La doctrine de Platon a connu une évolution quant à la question de savoir en quoi consiste le bien pour l’âme. Jusqu’à la République, on note une tendance à admettre une conception moniste de l’âme. Parce qu’une action vertueuse est censée se justifier elle-même par le bien qu’elle apporte à l’âme de l’agent, il n’est jamais meilleur ni avantageux pour l’agent de se comporter mal, car ce serait là agir de façon honteuse, d’une façon qui serait intrinsèquement laide et ferait un tort réel à la meilleure partie de l’homme, c’est-à-dire à son âme. Montrer qu’une vertu confère à l’âme un bien, qu’elle lui est avantageuse, est le meilleur critère de sa supériorité. Et comme nul ne veut s’infliger à soi-même un mal, nul ne peut vouloir commettre le mal (Apo., 37a ; Pro., 345e ; Phé., 80e ; Rép., IX, 589c). Par voie de conséquence, la divinité qui se situe à un niveau supérieur à l’homme, doit être bonne et ne peut être responsable que de biens. À rebours, le fait de subir un mal ne portera jamais atteinte à l’intégrité d’un homme bon : l’injustice subie ne saurait être un mal (Gor., 470a-479e). Mais à partir de la République, la situation devient plus complexe dans la mesure où l’âme présente désormais trois fonctions ou espèces (intellect, ardeur et désir), dans une disposition hiérarchique où l’intellect doit tenir la première place. Pour l’âme, le bien consiste alors dans le maintien d’une véritable harmonie entre ces trois espèces, et surtout dans la contemplation de l’intelligible par l’intellect. D’où une doctrine des vertus ou qualités de l’âme, qui trouvent leur répondant sur le plan politique, dans la tripartition des groupes fonctionnels de la cité (les dirigeants, les gardiens et les producteurs). La tempérance (sôphrosunê), la maîtrise de soi, des plaisirs et des comportements excessifs, est la vertu de l’âme tout entière et de la société dans son ensemble : elle permet l’accord et l’harmonie entre les espèces de l’âme et les groupes de la cité. Le courage (andreia) qui est la vertu des gardiens, vise à maintenir en l’âme et dans la cité une juste évaluation de ce qui est un vrai bien et un vrai mal, un danger ou non, un ennemi ou un ami. La sagesse {sophia) est la vertu de la partie rationnelle de l’âme capable d’appréhender les Formes et, par-dessus tout, le Bien. Enfin, la justice permet de maintenir en l’âme et dans la cité un ordre véritable, elle est l’harmonie des trois autres vertus.

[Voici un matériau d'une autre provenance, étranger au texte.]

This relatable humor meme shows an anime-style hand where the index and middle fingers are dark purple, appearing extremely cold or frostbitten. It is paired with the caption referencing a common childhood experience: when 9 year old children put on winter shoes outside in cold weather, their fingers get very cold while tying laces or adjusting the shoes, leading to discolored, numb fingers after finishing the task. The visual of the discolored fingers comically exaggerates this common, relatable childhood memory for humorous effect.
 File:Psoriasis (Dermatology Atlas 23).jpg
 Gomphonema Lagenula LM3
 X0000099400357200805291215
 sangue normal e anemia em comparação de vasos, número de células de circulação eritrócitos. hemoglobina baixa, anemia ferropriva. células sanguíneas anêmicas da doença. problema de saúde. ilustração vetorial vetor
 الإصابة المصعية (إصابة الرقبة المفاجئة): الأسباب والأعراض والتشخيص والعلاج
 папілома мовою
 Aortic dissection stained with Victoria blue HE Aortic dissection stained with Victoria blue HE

La réflexion morale d’inspiration socratique, rapportée à la justification des actions et aux meilleures raisons d’agir, se prolonge chez Platon sous la forme d’une réflexion ontologique sur la nature de l’âme et de l’intelligible. Guidée par la philosophie, l’âme prend le divin pour but, afin de connaître ce qui lui apparenté. Il s’agit pour elle de s’assimiler à dieu dans la mesure du possible (Thé., 176b). Le divin doit être considéré comme l’un des intermédiaires qui, avec les démons et les formes intelligibles, permettent à l’âme de remonter vers le Bien, conçu comme une réalité intelligible indépendante de l’homme, vers laquelle l’âme de l’homme juste est attirée. En d’autres termes, même si, chez Platon, les biens ne peuvent être que multiples, cette multiplicité se rapporte à une seule forme, celle du Bien, dont il est dit dans la République « qu’elle est au-delà de l’être en dignité (presbeiai) et en puissance (dunames) » (Rép., VI, 509b). Ce membre de phrase que les Néo-platoniciens ont invoqué pour faire l’hypothèse d’une hypostase, l’« Un-Bien », qui se trouverait au-delà de l’être représenté par l’Intellect et par l’intelligible, doit ici être interprété dans une perspective minimaliste. Tout comme le bonheur qui est la fin ultime de l’homme dépend du bien, de même dans l’intelligible, l’existence de telle ou telle réalité se trouve justifiée par son rapport au Bien, qui constitue le foyer vers lequel convergent toutes les Formes,sans toutefois qu’elles soient engendrées par lui. L’idée que le bien est unique, si elle semble aller de soi aujourd’hui, dut choquer les contemporains de Platon, si l’on en croit la réaction de ceux qui assistèrent à la Conférence sur le Bien donnée par Platon, qu’Aristoxème de Tarente évoque dans ses Éléments d’harmonie sur la foi d’Aristote.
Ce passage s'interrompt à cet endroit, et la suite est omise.